**What to work on**:
Without including any picture, transcribe the entries below word for word.

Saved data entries
Content starts

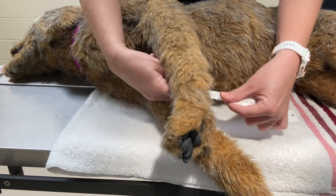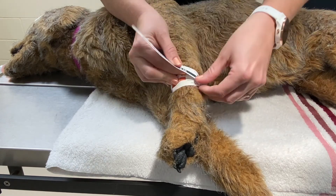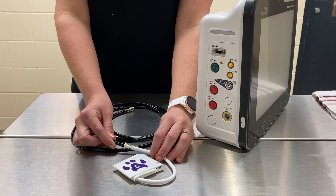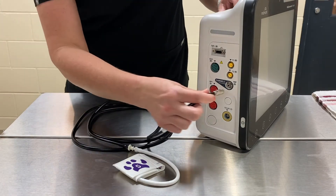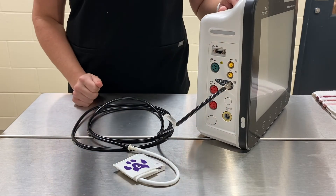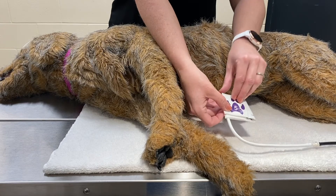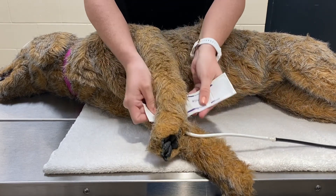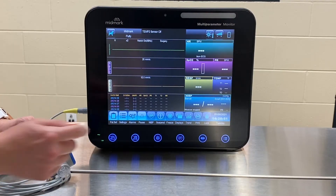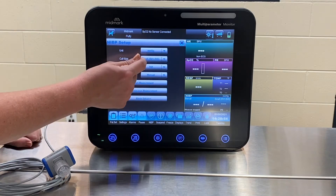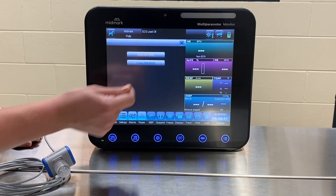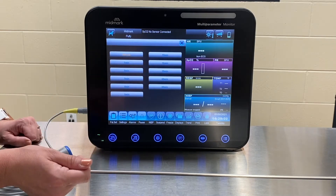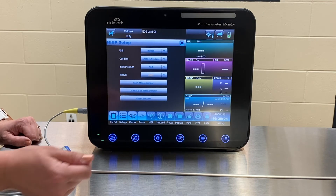To determine the correct cuff size for blood pressure readings, measure your patient's limb with the provided cuff selector. Connect the cuff to the blood pressure hose and plug the hose into the NIBP port on the monitor. Place the cuff snugly around the patient's limb in the same horizontal plane as the patient's heart. Open the NIBP menu by pressing the numeric area and set cuff size using the small setting for cuffs 1 through 5 and large setting for cuffs 8 and 10. The interval setting can be used to take automatic readings at desired time periods.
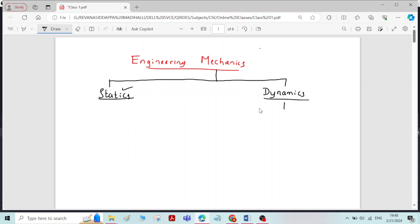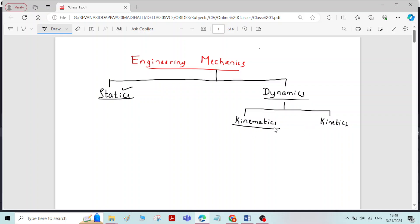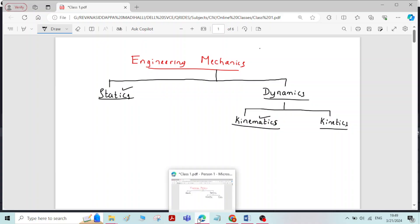Dynamics is further divided into two types: one is Kinematics and another one is Kinetics. Kinematics is the branch of Dynamics in which the force causing the motion is not considered. Kinetics is the branch of Dynamics in which the force causing the motion is considered. This is the meaning of Mechanics and its classification. Thank you.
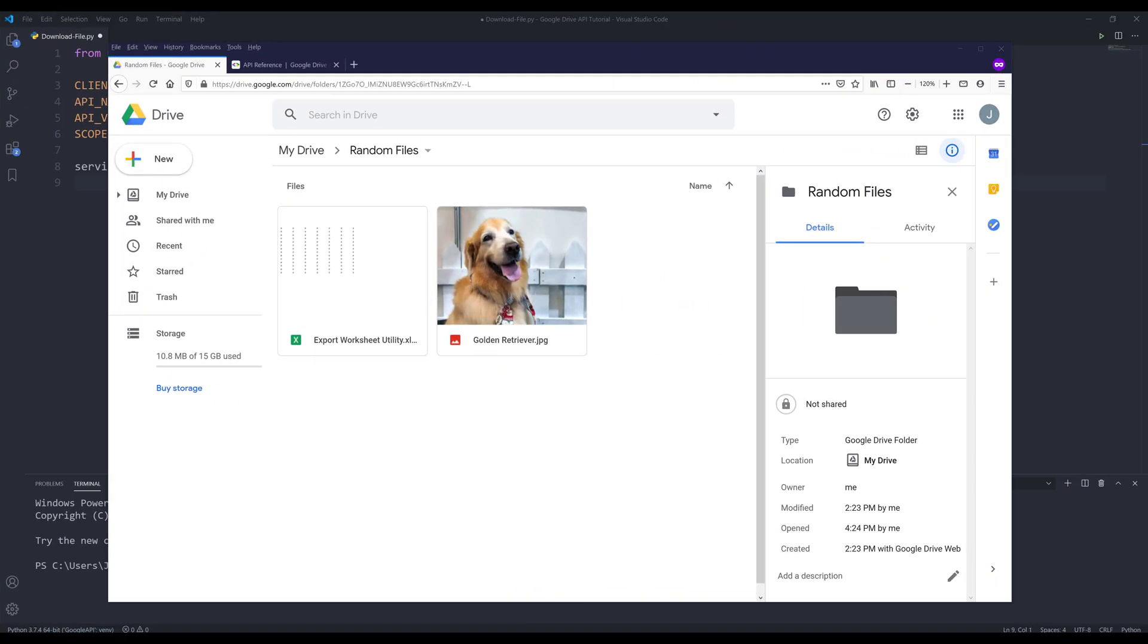Hey, how's it going, guys? Welcome to another Google Drive API in Python tutorial. My name is Jay. In this video, we're going to learn how to use Google Drive API to download files from your Google Drive.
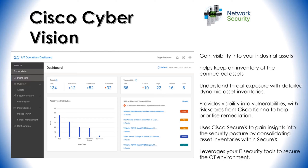It helps with assessing your security risks and understanding threat exposure with detailed dynamic asset inventories. It reduces attack surfaces with visibility into vulnerabilities, with risk scores from Cisco Kenna to help prioritize remediation. It works with Cisco SecureX to gain insights into your security posture by consolidating asset inventories, and it can leverage your IT security tools to secure the OT environment.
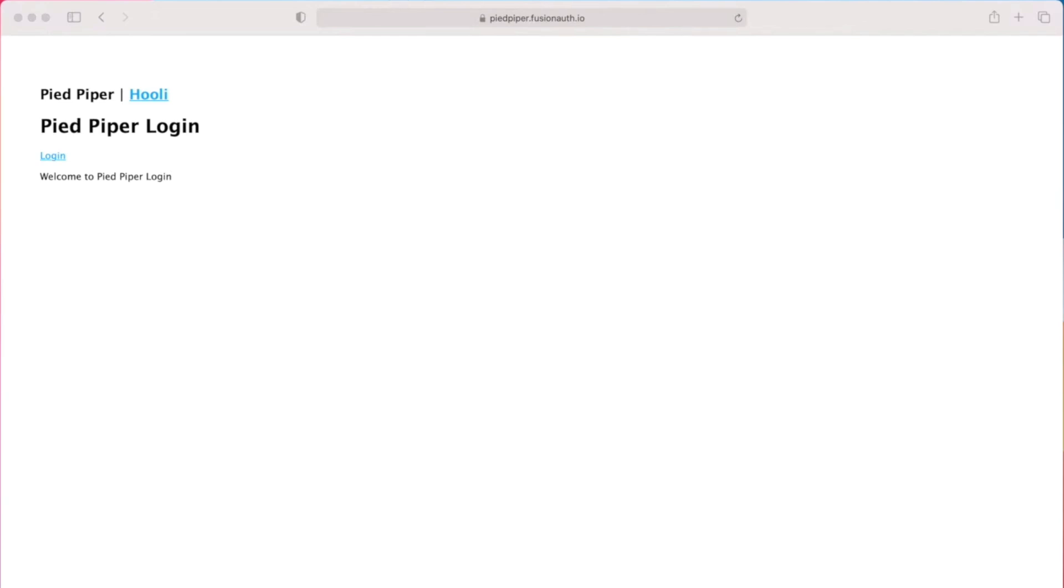These applications both require you to sign in to use them and they both have a page /login that is available to unauthenticated users.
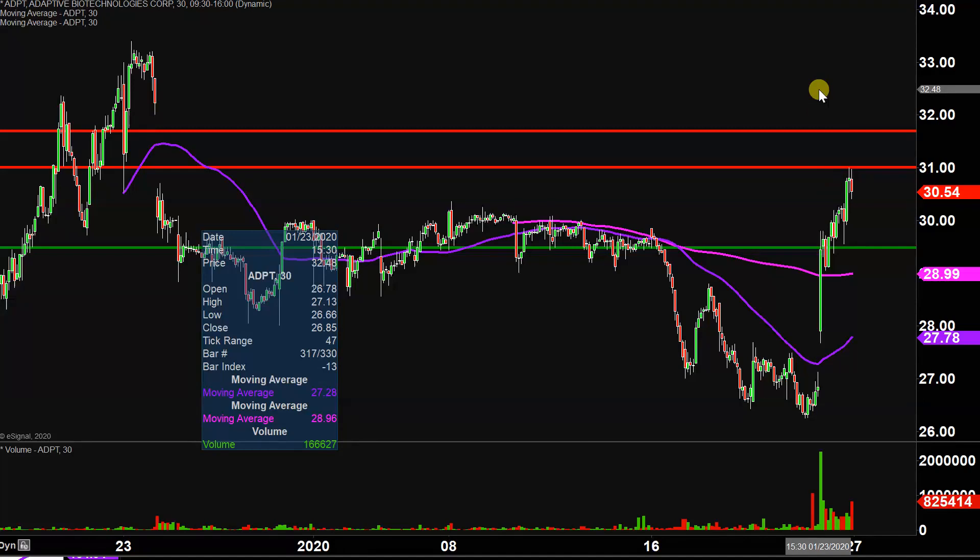Either way you look at it, monster volume today with great price movement. And it's really just a question of can the price build upon this momentum next week. Let's see what happens.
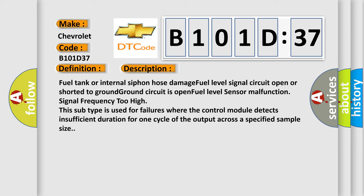Fuel tank or internal siphon hose damage, fuel level signal circuit open or shorted to ground, ground circuit is open, fuel level sensor malfunction, signal frequency too high. This subtype is used for failures where the control module detects insufficient duration for one cycle of the output across a specified sample size.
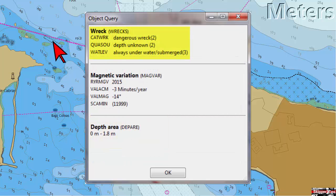Note the dashed lines that surround this slender object. This indicates a dangerous wreck with a depth unknown, always underwater.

Content ends

**Written response**:
To determine the correct cuff size for blood pressure readings, measure your patient's limb with the provided cuff selector. Connect the cuff to the blood pressure hose and plug the hose into the NIBP port on the monitor. Place the cuff snugly around the patient's limb in the same horizontal plane as the patient's heart. Open the NIBP menu by pressing the numeric area and set cuff size using the small setting for cuffs 1 through 5 and large setting for cuffs 8 and 10. The interval setting can be used to take automatic readings at desired time periods.
Dynamics is further divided into two types: one is Kinematics and another one is Kinetics. Kinematics is the branch of Dynamics in which the force causing the motion is not considered. Kinetics is the branch of Dynamics in which the force causing the motion is considered. This is the meaning of Mechanics and its classification. Thank you.
Hey, how's it going, guys? Welcome to another Google Drive API in Python tutorial. My name is Jay. In this video, we're going to learn how to use Google Drive API to download files from your Google Drive.
It helps with assessing your security risks and understanding threat exposure with detailed dynamic asset inventories. It reduces attack surfaces with visibility into vulnerabilities, with risk scores from Cisco Kenna to help prioritize remediation. It works with Cisco SecureX to gain insights into your security posture by consolidating asset inventories, and it can leverage your IT security tools to secure the OT environment.
These applications both require you to sign in to use them and they both have a page /login that is available to unauthenticated users.
Either way you look at it, monster volume today with great price movement. And it's really just a question of can the price build upon this momentum next week. Let's see what happens.
Fuel tank or internal siphon hose damage, fuel level signal circuit open or shorted to ground, ground circuit is open, fuel level sensor malfunction, signal frequency too high. This subtype is used for failures where the control module detects insufficient duration for one cycle of the output across a specified sample size.
Note the dashed lines that surround this slender object. This indicates a dangerous wreck with a depth unknown, always underwater.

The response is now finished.